Selon un rapport produit par KPMG Royaume-Uni pour le compte des cigarettiers en 2014, les parts des cigarettes illégales en Australie sont passées de 11,5 %, en 2012, à 14,5 %, en 2014.

Pire, selon le directeur des affaires corporatives : le gouvernement est hypocrite. «Ottawa veut légaliser la marijuana et enlever ça des mains des criminels, et mettre encore d'autres barrières aux produits de tabac légal.»

Mais Flory Doucas, codirectrice et porte-parole de la Coalition québécoise pour le contrôle du tabac, réfute chaque argument invoqué par M. Gagnon pour s'opposer au paquet neutre.

«Ce n'est pas vrai qu'il y a une corrélation entre les mesures antitabac et les parts attribuées au marché noir.» Selon le dernier budget québécois, les parts de marché du tabac de contrebande sont restées stables, de 30 % en 2009 à environ 15 % de 2011 à 2014, malgré de nouvelles mesures adoptées pour lutter contre le tabagisme.
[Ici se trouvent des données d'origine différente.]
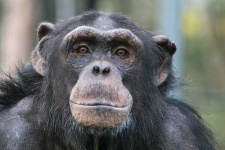 image of chimpanzee #22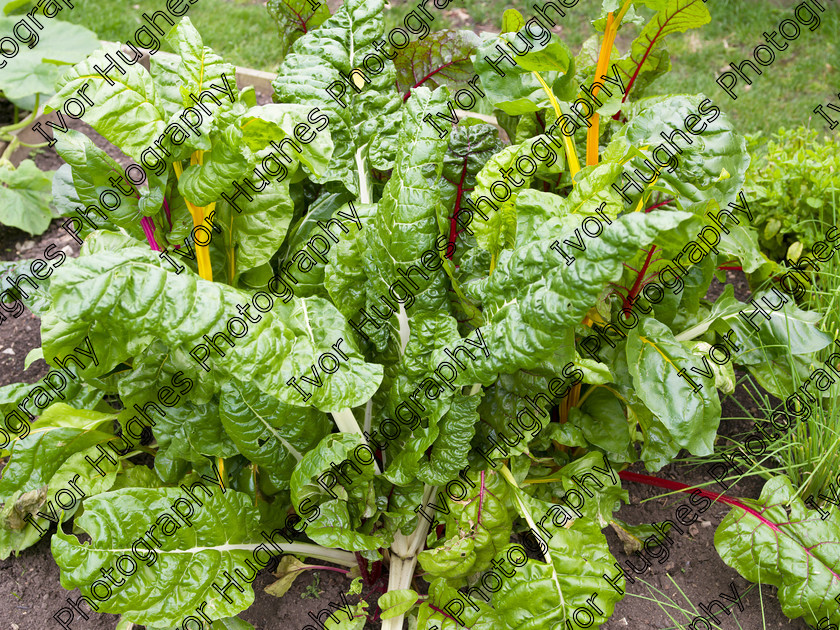 IMGP2196 
 Keywords: Goddards House York Yorkshire National Trust Stately Home Gardens Terry's medium format digital hi-res high resolution 645 vegetable garden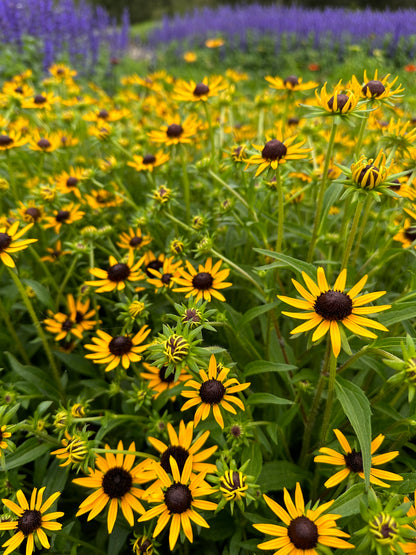 Rudbeckia fulgida 'Little Goldstar'
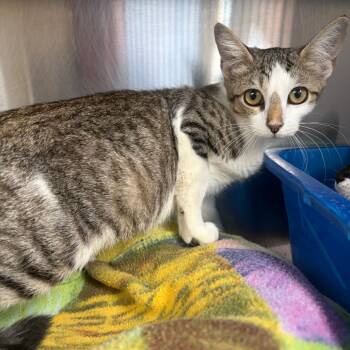 Aurora -  Domestic Short Hair Cat for Adoption in Sarasota, Florida - Aurora | PetCurious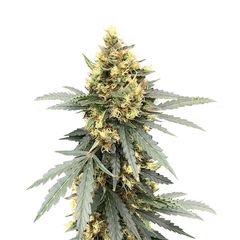 Critical Orange Punch Auto, Фасовка: 3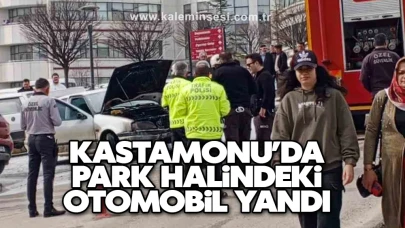Kastamonu'da Park Halindeki Araçta Yangın Çıktı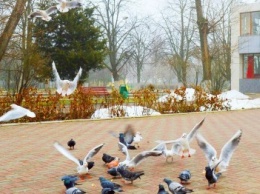 Экогоги Черноморска призывают помочь выжить птицам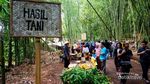Pasar Papringan, Wisata Kuliner Tradisional dari Temanggung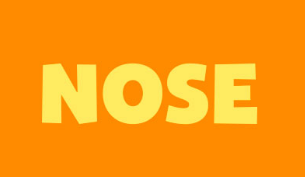 关于nose的表达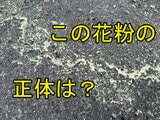「6月まで飛ぶ花粉」とは?アレルギーの恐れは少ないものの汚れが目立つことも tbc気象台|TBS NEWS DIG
Mme Doucas ne s'oppose pas non plus à la légalité des cigarettes, comme de la marijuana, «afin d'en contrôler l'usage». Enfin, pour la codirectrice et porte-parole, rares sont les mesures qui ne coûtent rien, comme celle du paquet neutre, et qui permettent de réduire le tabagisme.

Prochain ennemi : le sucre ?

Le professeur Jacques Nantel estime même que, malgré les hauts cris des cigarettiers, les mesures restrictives sont peut-être une bénédiction pour l'industrie. «Ils [les cigarettiers] n'ont plus à dépenser en R-D ou en publicité. Ces millions-là, ils les gardent pour eux. C'est devenu une vache à lait. Ils dénoncent ce "scandale", mais je pense qu'ils savent très bien que ce n'est pas si grave que ça. Après, ce qui est intéressant à surveiller, c'est ce qui va se produire dans les autres industries. Les Pepsi et Coke de ce monde doivent suivre ce débat de très près.»
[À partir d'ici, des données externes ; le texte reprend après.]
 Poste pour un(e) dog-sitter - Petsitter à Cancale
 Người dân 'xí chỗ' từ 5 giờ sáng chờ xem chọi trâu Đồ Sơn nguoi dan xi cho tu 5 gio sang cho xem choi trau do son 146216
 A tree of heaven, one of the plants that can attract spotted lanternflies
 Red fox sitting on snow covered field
Pour Flory Doucas, il est clair que «l'industrie du tabac essaie d'intéresser les autres industries au débat en soulevant la notion de la protection des marques. Le lobby fait un effort concerté en ce sens».

«C'est certain que, si je travaillais pour une autre industrie [agroalimentaire, par exemple], je surveillerais ce débat, répond Éric Gagnon. Après nous, c'est qui le prochain ?» Quant à la possibilité d'aller devant les tribunaux pour contester la mesure, M. Gagnon dit qu'il s'agit d'une piste «envisagée, mais qui n'est pas privilégiée en ce moment». En Uruguay et au Royaume-Uni, les cigarettiers ont perdu leur cause devant les tribunaux.